Member of the Virginia Senate
- In office 1879–1880

Personal details
- Born: November 1839
- Died: May 26, 1907 (aged 67) Williamsburg
- Party: Republican

= Cephas L. Davis =

American politician from Virginia

Cephas L. Davis (November 1839 – May 26, 1907) was a pastor, teacher and state legislature who served in the Virginia Senate after the Reconstruction era, from 1879 - 1880.

He was born a slave to Cephas Davis and Annie "Frances" Davis around November 1839 in Christiansville Mecklenburg County, Virginia (now Chase City).
He became a free man sometime before the end of the American Civil War and attended an educational institution before going on to teach former slaves in Maryland from 1869 to 1870.

Reverend Cephas Davis was the pastor of the Colored Baptist Church in Chase City.

He ran as a Radical for the Senate in 1879 against the Conservative nomination John W. Eggleston and W. H. Jones a Readjuster.
The Richmond Dispatch declared Eggleston the favorite and described Davis as a "jet-black Radical" that the other blacks would not solidly support.

Senator Davis was refused service in a Richmond restaurant in January 1880 along with two friends as the owner said he kept his business "for white persons only".

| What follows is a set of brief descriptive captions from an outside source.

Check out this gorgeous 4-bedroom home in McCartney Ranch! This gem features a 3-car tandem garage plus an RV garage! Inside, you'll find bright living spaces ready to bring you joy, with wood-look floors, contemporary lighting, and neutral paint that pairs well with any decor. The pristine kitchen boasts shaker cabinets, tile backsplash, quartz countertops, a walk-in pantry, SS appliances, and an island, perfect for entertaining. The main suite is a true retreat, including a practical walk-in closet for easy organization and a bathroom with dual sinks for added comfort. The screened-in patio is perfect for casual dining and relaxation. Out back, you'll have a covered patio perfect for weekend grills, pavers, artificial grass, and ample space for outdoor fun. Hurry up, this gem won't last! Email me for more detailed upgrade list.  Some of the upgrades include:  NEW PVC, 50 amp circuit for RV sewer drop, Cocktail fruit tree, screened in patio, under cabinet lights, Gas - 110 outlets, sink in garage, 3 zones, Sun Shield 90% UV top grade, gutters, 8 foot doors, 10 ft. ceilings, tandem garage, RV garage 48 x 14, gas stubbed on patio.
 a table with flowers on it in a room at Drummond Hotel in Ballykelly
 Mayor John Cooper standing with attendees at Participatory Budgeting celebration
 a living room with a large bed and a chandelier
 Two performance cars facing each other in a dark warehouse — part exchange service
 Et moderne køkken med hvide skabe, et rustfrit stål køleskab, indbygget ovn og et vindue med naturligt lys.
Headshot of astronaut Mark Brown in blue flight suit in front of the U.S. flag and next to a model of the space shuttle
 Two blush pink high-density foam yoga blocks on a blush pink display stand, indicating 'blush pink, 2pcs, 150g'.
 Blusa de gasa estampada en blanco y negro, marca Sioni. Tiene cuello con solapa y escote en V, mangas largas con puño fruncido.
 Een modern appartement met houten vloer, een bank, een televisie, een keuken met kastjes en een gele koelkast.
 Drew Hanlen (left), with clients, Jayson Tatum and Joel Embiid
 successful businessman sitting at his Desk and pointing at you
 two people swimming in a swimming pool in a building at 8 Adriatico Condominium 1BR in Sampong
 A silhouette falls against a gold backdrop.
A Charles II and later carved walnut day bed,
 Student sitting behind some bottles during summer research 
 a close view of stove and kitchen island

In August 1883 he attempted with others to free black festival goers that had been arrested by the town sergeant Mr A. J. White. Mr White was knocked down twice and Davis attacked him the following day and them went on to assault the mayor Joseph Prichard. Davis was badly beaten, arrested and later found guilty by grand jury for the three instances.

== Later life and death ==
He moved to Philadelphia from Virginia sometime before 1902 and became the president of a social organization.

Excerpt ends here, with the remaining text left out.